Les résolutions du Nouvel An ont pris une forme très concrète pour l’Eredivisie en ce début d’année : juguler l’instabilité à Amsterdam, trier les effectifs à Rotterdam et convertir promesses individuelles en succès collectifs. Le paysage du football néerlandais en 2026 réclame des décisions claires sur les transferts, une vision technique renouvelée et une lecture pragmatique de la performance sportive. Certaines équipes, comme l’Ajax, voient la saison basculer autour d’un socle défensif à reconstruire ; d’autres, à l’image de Feyenoord, doivent opérer un véritable grand ménage pour retrouver une identité. Dans ce décor, les secondes parties de saison sont souvent décisives : direction sportive, gestion de la rotation et choix de mercato déterminent si des aspirations européennes seront tenables.

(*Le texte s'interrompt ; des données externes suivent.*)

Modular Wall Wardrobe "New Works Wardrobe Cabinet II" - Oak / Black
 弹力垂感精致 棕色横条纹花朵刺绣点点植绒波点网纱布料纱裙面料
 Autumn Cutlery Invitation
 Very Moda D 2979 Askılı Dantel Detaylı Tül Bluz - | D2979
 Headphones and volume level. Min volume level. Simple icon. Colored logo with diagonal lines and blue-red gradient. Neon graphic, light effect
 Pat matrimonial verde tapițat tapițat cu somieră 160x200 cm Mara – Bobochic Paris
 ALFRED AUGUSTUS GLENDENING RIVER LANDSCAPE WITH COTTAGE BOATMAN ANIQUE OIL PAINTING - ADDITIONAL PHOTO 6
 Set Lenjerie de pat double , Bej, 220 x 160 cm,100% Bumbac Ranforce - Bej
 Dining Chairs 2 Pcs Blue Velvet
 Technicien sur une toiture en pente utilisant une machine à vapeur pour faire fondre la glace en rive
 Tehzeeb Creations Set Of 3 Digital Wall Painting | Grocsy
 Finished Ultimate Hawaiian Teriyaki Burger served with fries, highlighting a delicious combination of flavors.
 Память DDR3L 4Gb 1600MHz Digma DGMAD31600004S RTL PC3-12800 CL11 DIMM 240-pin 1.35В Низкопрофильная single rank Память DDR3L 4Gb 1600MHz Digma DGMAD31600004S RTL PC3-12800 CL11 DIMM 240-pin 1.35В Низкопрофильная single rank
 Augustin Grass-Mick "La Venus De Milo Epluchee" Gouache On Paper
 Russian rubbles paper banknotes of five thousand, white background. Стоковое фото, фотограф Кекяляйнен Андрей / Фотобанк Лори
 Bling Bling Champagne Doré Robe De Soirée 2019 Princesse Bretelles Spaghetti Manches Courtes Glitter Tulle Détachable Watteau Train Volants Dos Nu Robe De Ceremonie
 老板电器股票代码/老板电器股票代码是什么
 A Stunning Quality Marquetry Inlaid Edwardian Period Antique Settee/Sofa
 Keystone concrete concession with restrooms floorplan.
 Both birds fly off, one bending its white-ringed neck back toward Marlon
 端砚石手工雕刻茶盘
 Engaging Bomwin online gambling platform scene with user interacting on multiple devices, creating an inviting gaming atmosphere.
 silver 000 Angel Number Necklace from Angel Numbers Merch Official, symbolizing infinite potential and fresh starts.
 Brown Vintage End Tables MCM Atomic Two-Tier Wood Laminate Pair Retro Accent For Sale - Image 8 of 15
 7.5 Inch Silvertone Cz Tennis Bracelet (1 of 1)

Les lecteurs trouveront dans cet article des pistes tactiques, des priorités de mercato et des résolutions concrètes applicables pour chaque club analysé. L’approche se veut à la fois analytique et divertissante, en mettant en lumière des cas concrets, des chiffres-clés et un fil conducteur illustratif qui permet de suivre les choix possibles d’un directeur sportif fictif. L’objectif : transformer de belles intentions en résultats mesurables.
- Ajax : priorité à la stabilité et à la reconstruction défensive après une première moitié de saison décevante.
- Feyenoord : grand ménage de l’effectif pour dégager une colonne vertébrale et retrouver une continuité tactique.
- AZ : arbitrer entre conserver Troy Parrott pour l’Europe ou réaliser un transfert lucratif en 2026.
- Excelsior et Fortuna Sittard : régler les soucis offensifs et administratifs pour transformer promesses en objectifs atteignables.
- Mesurer la performance sportive par des indicateurs précis : but encaissé, rythme, profondeur d’effectif et rendement des recrues.
Les résolutions du Nouvel An en Eredivisie : stabilité impérative pour l’Ajax
Problème : l’Ajax traverse une période de turbulence depuis le départ d’Erik ten Hag et reste orphelin de trophées. Cette instabilité managériale et structurelle a transformé la mission sportive en une succession d’incertitudes.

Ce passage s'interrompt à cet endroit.